There are essentially two types of forms in the world:

Administrative forms
These forms are predominantly used to collect data at an individual level, in order to provide a good or service.
Survey forms
These forms are predominantly used to collect data for aggregation, in order to understand the actions or perspective of a group.

For example, a form for renewing a driver's licence is an administrative form: it enables an individual to ensure their driver's licence remains current. A form asking for opinion on the way the government is handling a particular issue is a survey form: the government wants to know the feelings of the constituency as a whole, not follow up with individual voters.

This article we are going to focus on survey forms, which, in our experience, contain broadly 3 types of questions:

Demographic
Items like sex, weight, height, employment status, marital status etc.
Behavioural
Questions that ask the respondent what they did in the past or are planning to do in the future.
Opinion
Questions that ask the respondent what they think or feel.

Often you will hear people call the second type of question "factual", referencing the notion that these questions collect information that is less amorphous and changeable—and therefore more measurable—than thoughts or emotions.

Behavioural survey questions under the microscope

While the behaviours themselves may be stable and concrete—and even that is not always the case—measuring them is certainly not. This is because such measurement is so heavily reliant on the ability of the respondent to access the information from their memory.

This point was brought home by the little known and hard to get book "Survey Responses: An Evaluation of their Validity" by Ellen J. Wentland and Kent W. Smith. This book contains a meta-analysis of all eligible studies, from the previous 40 years, that have compared behavioural survey results to corresponding records. (Not all studies from the period were eligible because, for example, their authors may not have provided enough information about their comparison methodology.)

The authors go into the findings of each comparison study in great detail, and the results are often surprising. For example, one study by Clancy, Ostlund & Wyner (1979) involved showing magazine subscribers fake advertisements as well as fake articles, both brief and full-length. The subscribers were then asked whether they had read any of the ads or articles in the current issue of the magazine. Amazingly, "76% of the respondents claimed to have read at least one advertisement, 55% at least one brief article , and 64% at least one full-length article, all of which had actually not yet been published" (p.26, emphasis added).

One could certainly argue that a social desirability and/or acquiescence effect have influenced these results. Nonetheless, such error rates should at least give pause to all the market researchers out there. Moreover, such factors cannot entirely account for the findings of another study quoted by Wentland & Smith.

This 1955 study involved asking British public servants about any sick leave they had taken in the previous four and a half months, with comparisons made to human resources records for the same period. The study found that out of the 228 people who had taken sick leave in reference period, 11% said they hadn't taken any sick leave, 10% gave the correct month but the wrong amount and 47% gave the correct amount but the wrong month. Furthermore, out of the 205 workers who had not taken any sick leave in the period, 6% reported that they did.

The reliance on recall

In the case of this second study, the likely cause of error is forgetting: there is no real reason for individuals to remember such details as the amount of sick leave they have taken when there are systems that do this for them. But all too often our forms include questions for which the answers are similarly inaccessible to our respondents. Add this to the fact that responses are going to be influenced by other considerations—such as the desire to conform to social norms—and hopefully it becomes clear that behavioural questions are rarely factual.
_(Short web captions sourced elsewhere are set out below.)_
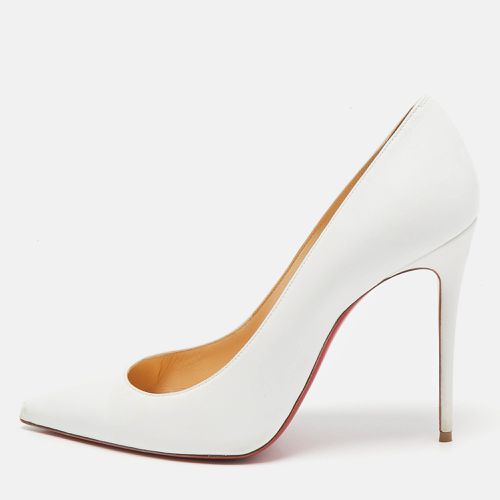 Leather Kate Pumps Size 39 - Christian Louboutin - Modalova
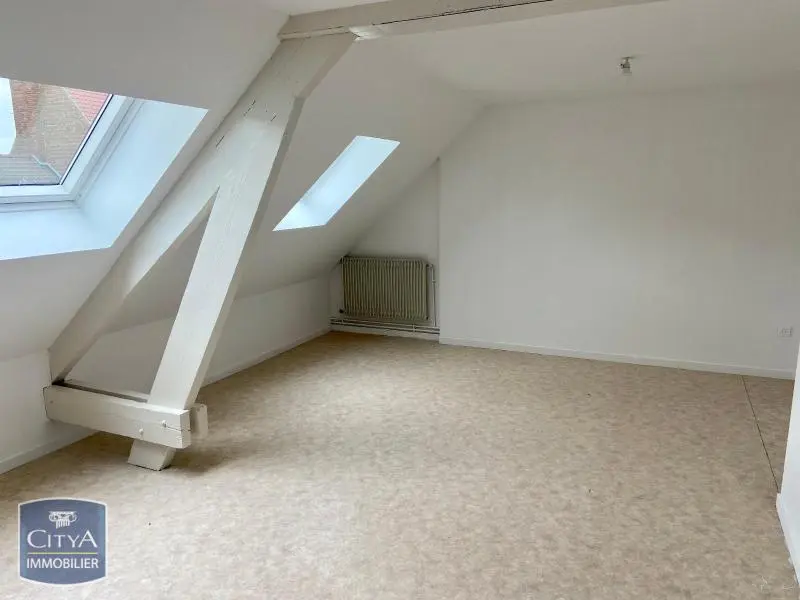 Photo 5 Appartement 3 pièces 71.21m²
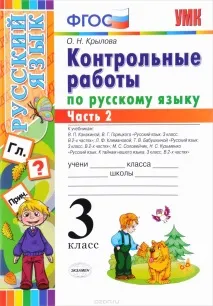Відеоурок «Типи твування» міркування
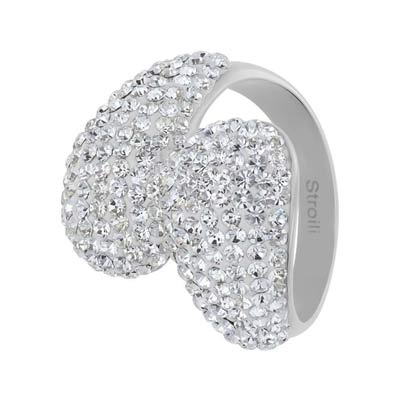 Stroili 1670544 (1670544)  JEWELRY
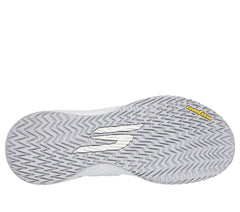 Skechers | Relaxed Fit: Viper Court Rally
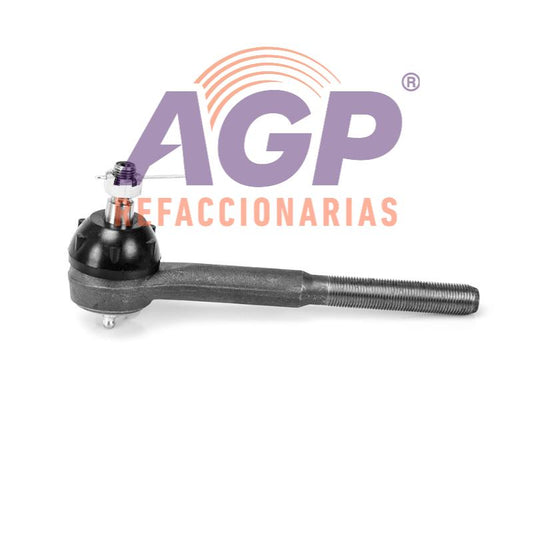 TERMINAL DIRECCION CHEVROLET GMC BELAIR 1965-1970  CHEVR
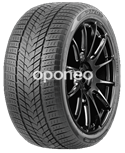 Arivo Winmaster ProX ARW 5 275/35 R20 102 H XL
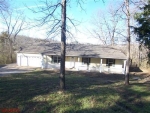 5901 Kneff Rd Imperial, MO 63052 - Image 798475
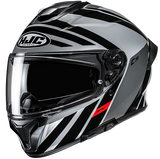 HJC C71 Faber Full Face Helmet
Think this is starting to read like a storm in a tea cup? You might be surprised to learn that only 15% of the questions included in Wentland & Smith's meta-analysis yielded a 95% confidence interval that contained the true population result (p. 126). That's only 12 questions out of 79 that resulted in survey estimates that were in the ballpark of what was really going on. So even after spending a wealth of resources on ensuring representative samples, developing unbiased questions, minimising processing errors and so on, the people using the results of the other 65 questions would have been led astray.
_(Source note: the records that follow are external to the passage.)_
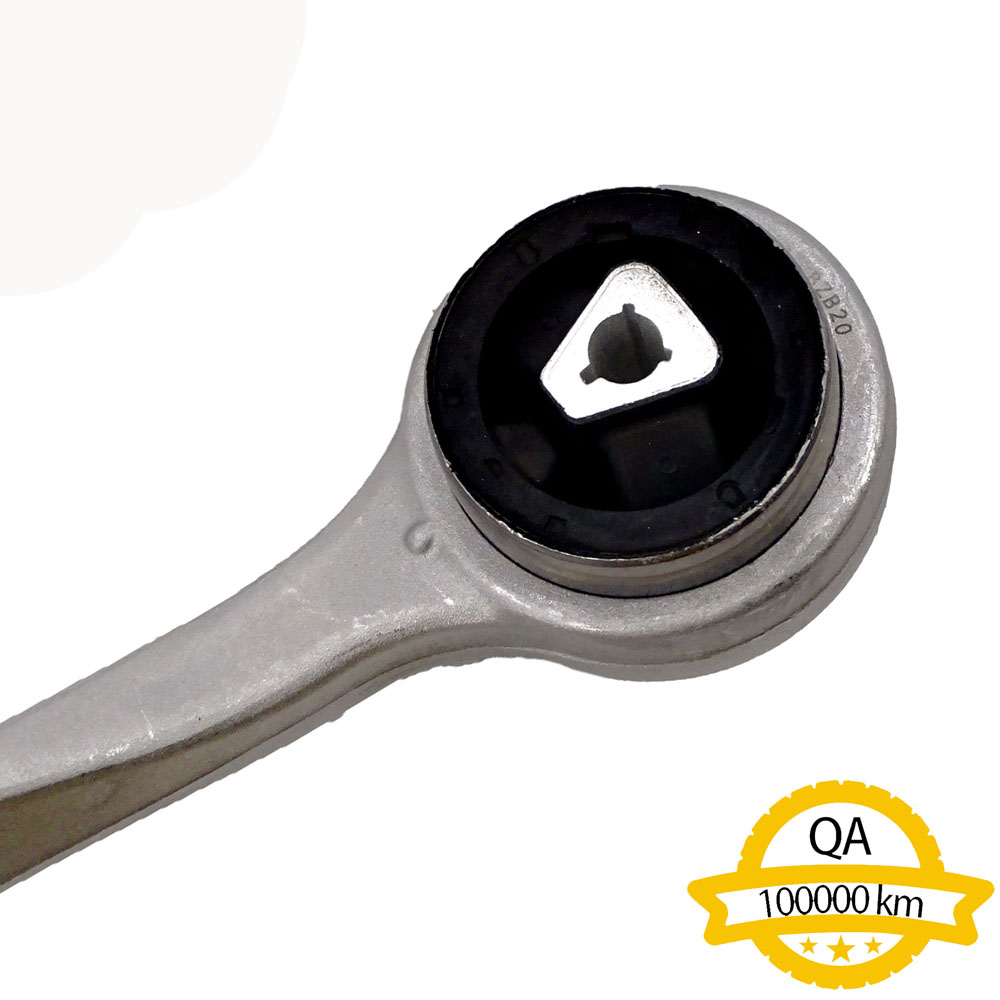 Control Arm LH Apply to Bmw 5 E60 2002-2009   OE  3112 6774 825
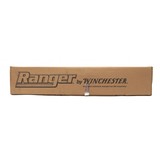 "Winchester 120 Ranger 12 Gauge (W11029)" - 2 of 5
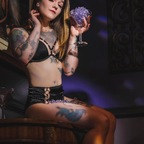 melodyminxx onlyfans leaked picture 1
This is not a call to throw up our arms and turn our backs on forms and surveying. Rather, the aim of this article is to draw more attention to the degree to which cognitive factors influence the quality of responses our forms achieve. Much as decision makers may not like it, we need to be more realistic about what data can be reliably collected on a form.

References

Wentland, E.J. & Smith, K.W. (1993). "Survey Responses: An Evaluation of their Validity". Academic Press, Inc., California.